[Captioned web image data]
-------

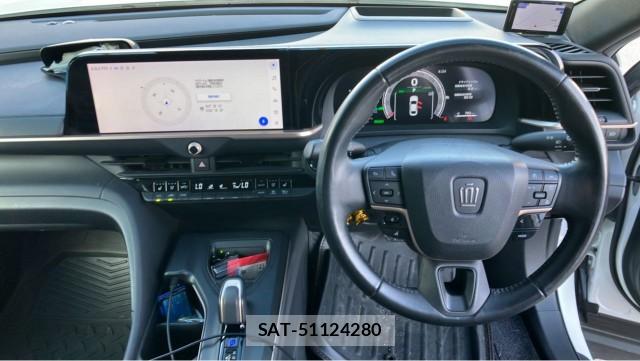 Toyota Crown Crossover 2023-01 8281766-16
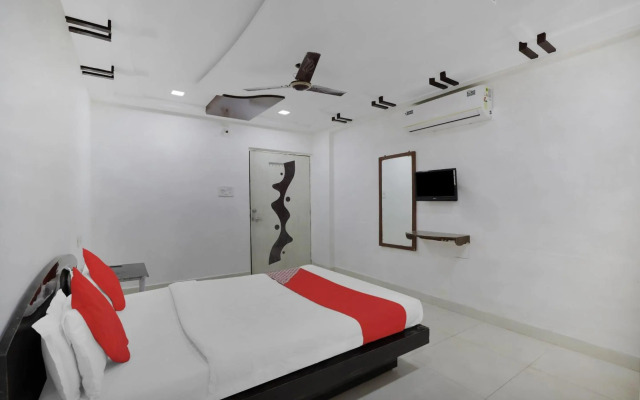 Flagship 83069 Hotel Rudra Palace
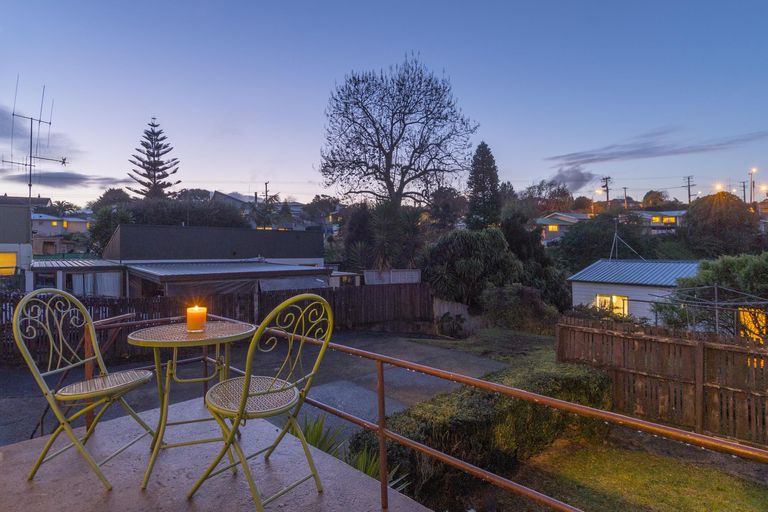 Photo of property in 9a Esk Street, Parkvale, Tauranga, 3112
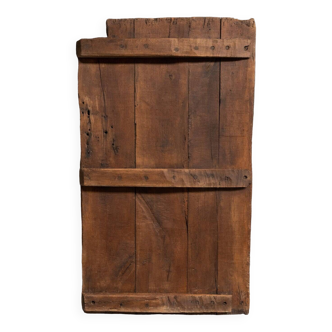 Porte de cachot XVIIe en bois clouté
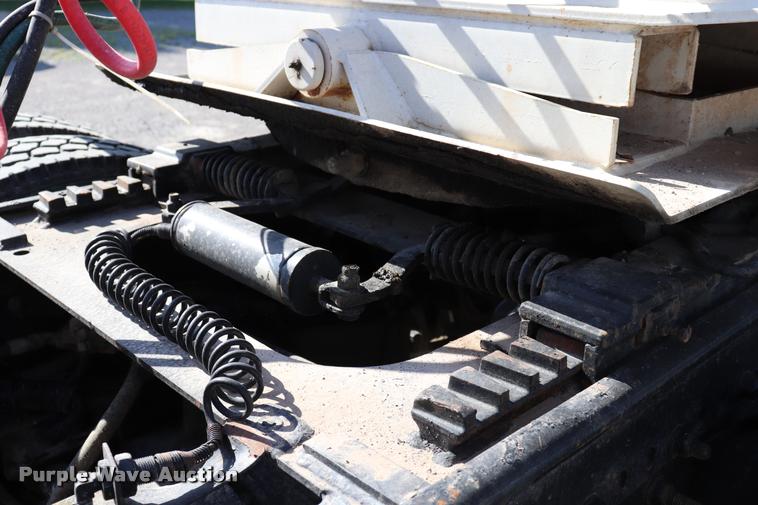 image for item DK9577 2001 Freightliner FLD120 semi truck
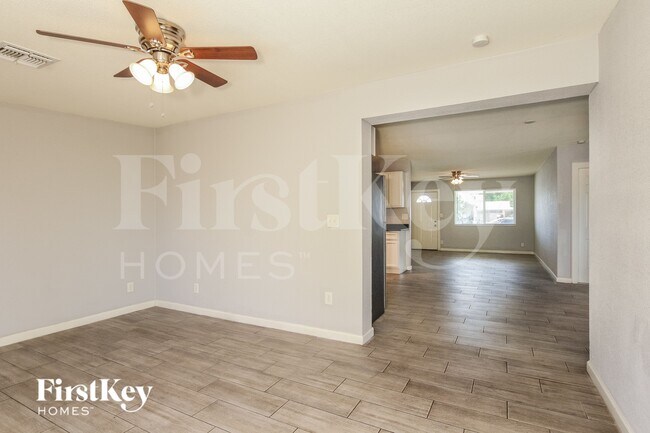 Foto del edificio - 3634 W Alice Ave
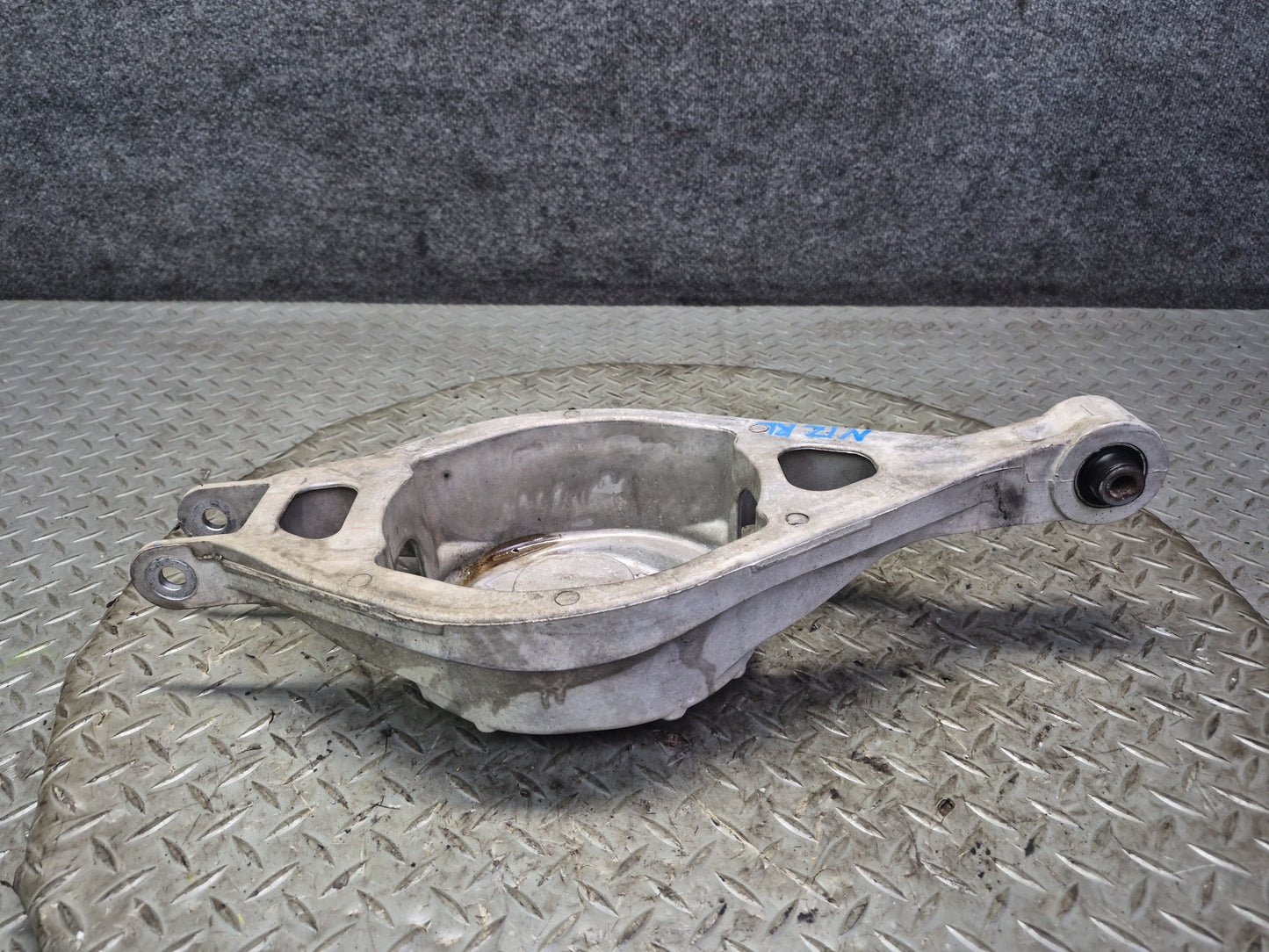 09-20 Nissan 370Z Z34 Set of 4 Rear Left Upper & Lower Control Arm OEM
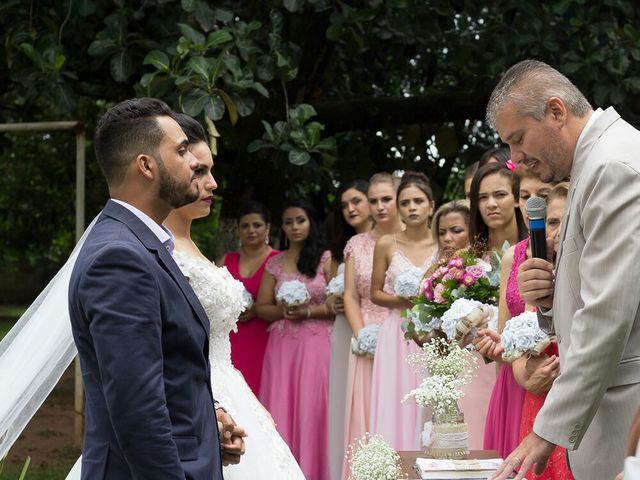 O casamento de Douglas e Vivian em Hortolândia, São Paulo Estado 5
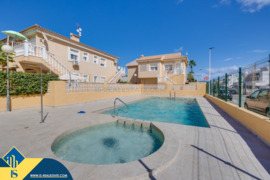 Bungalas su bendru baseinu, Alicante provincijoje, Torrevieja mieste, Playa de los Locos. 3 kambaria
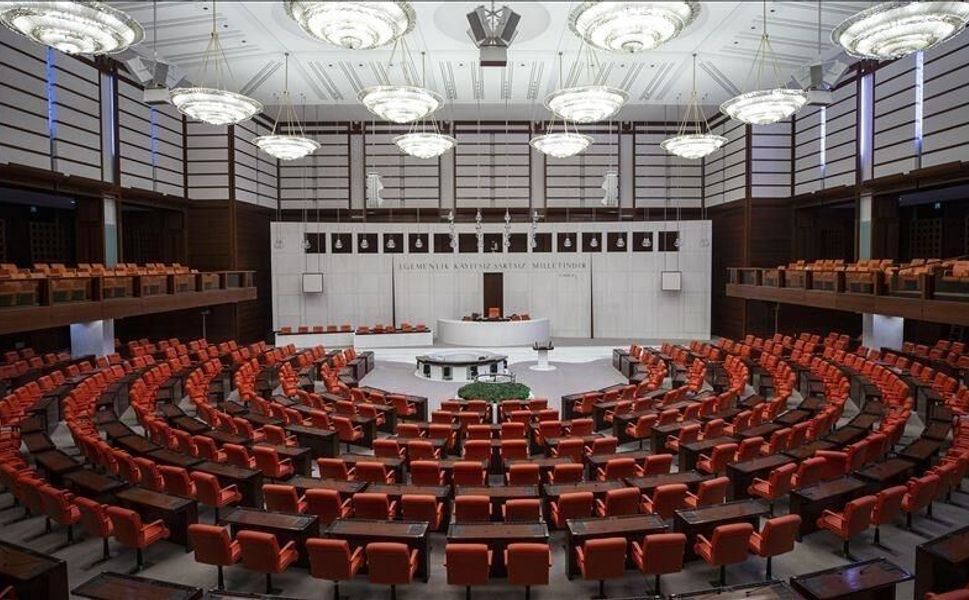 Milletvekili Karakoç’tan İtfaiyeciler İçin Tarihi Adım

-------

## Problem to solve
Copy the records above exactly, omitting every picture.

## Answer box
 Toyota Crown Crossover 2023-01 8281766-16
 Flagship 83069 Hotel Rudra Palace
 Photo of property in 9a Esk Street, Parkvale, Tauranga, 3112
 Porte de cachot XVIIe en bois clouté
 image for item DK9577 2001 Freightliner FLD120 semi truck
 Foto del edificio - 3634 W Alice Ave
 09-20 Nissan 370Z Z34 Set of 4 Rear Left Upper & Lower Control Arm OEM
 O casamento de Douglas e Vivian em Hortolândia, São Paulo Estado 5
 Bungalas su bendru baseinu, Alicante provincijoje, Torrevieja mieste, Playa de los Locos. 3 kambaria
 Milletvekili Karakoç’tan İtfaiyeciler İçin Tarihi Adım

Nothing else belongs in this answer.